— WHAT YOU NEED TO DO —
The entries below must be restated word for word.

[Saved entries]

= Beginning of Section =

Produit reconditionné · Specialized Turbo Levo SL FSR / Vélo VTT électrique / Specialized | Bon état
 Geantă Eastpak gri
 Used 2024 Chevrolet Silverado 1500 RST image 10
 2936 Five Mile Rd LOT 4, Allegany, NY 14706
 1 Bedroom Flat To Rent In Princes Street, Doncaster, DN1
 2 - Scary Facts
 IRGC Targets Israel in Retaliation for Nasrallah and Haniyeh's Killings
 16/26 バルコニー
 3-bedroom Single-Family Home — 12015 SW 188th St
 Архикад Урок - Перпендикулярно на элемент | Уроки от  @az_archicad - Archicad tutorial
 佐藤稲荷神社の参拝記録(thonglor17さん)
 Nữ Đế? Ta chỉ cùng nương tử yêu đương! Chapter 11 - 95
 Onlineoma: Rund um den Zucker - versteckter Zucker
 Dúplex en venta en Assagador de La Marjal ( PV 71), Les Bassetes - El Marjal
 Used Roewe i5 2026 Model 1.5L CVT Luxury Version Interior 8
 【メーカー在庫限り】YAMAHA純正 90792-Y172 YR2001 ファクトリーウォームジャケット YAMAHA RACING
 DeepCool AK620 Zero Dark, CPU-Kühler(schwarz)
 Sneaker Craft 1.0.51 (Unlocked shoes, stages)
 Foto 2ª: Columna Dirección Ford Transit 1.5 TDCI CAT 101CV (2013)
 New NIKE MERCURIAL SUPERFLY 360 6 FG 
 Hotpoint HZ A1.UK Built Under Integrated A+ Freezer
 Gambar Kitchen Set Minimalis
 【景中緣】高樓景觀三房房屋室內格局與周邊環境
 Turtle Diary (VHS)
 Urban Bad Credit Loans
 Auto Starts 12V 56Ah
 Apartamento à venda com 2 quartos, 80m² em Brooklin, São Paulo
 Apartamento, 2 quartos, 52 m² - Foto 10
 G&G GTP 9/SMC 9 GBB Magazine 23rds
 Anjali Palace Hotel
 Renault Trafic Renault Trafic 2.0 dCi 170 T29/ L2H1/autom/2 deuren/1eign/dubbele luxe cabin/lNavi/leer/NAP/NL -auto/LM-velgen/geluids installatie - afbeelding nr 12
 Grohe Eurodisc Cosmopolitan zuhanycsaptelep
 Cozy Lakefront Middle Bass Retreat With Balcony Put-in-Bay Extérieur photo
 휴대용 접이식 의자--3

= End of Section =

— EXPECTED ANSWER —
Produit reconditionné · Specialized Turbo Levo SL FSR / Vélo VTT électrique / Specialized | Bon état
 Geantă Eastpak gri
 Used 2024 Chevrolet Silverado 1500 RST image 10
 2936 Five Mile Rd LOT 4, Allegany, NY 14706
 1 Bedroom Flat To Rent In Princes Street, Doncaster, DN1
 2 - Scary Facts
 IRGC Targets Israel in Retaliation for Nasrallah and Haniyeh's Killings
 16/26 バルコニー
 3-bedroom Single-Family Home — 12015 SW 188th St
 Архикад Урок - Перпендикулярно на элемент | Уроки от  @az_archicad - Archicad tutorial
 佐藤稲荷神社の参拝記録(thonglor17さん)
 Nữ Đế? Ta chỉ cùng nương tử yêu đương! Chapter 11 - 95
 Onlineoma: Rund um den Zucker - versteckter Zucker
 Dúplex en venta en Assagador de La Marjal ( PV 71), Les Bassetes - El Marjal
 Used Roewe i5 2026 Model 1.5L CVT Luxury Version Interior 8
 【メーカー在庫限り】YAMAHA純正 90792-Y172 YR2001 ファクトリーウォームジャケット YAMAHA RACING
 DeepCool AK620 Zero Dark, CPU-Kühler(schwarz)
 Sneaker Craft 1.0.51 (Unlocked shoes, stages)
 Foto 2ª: Columna Dirección Ford Transit 1.5 TDCI CAT 101CV (2013)
 New NIKE MERCURIAL SUPERFLY 360 6 FG 
 Hotpoint HZ A1.UK Built Under Integrated A+ Freezer
 Gambar Kitchen Set Minimalis
 【景中緣】高樓景觀三房房屋室內格局與周邊環境
 Turtle Diary (VHS)
 Urban Bad Credit Loans
 Auto Starts 12V 56Ah
 Apartamento à venda com 2 quartos, 80m² em Brooklin, São Paulo
 Apartamento, 2 quartos, 52 m² - Foto 10
 G&G GTP 9/SMC 9 GBB Magazine 23rds
 Anjali Palace Hotel
 Renault Trafic Renault Trafic 2.0 dCi 170 T29/ L2H1/autom/2 deuren/1eign/dubbele luxe cabin/lNavi/leer/NAP/NL -auto/LM-velgen/geluids installatie - afbeelding nr 12
 Grohe Eurodisc Cosmopolitan zuhanycsaptelep
 Cozy Lakefront Middle Bass Retreat With Balcony Put-in-Bay Extérieur photo
 휴대용 접이식 의자--3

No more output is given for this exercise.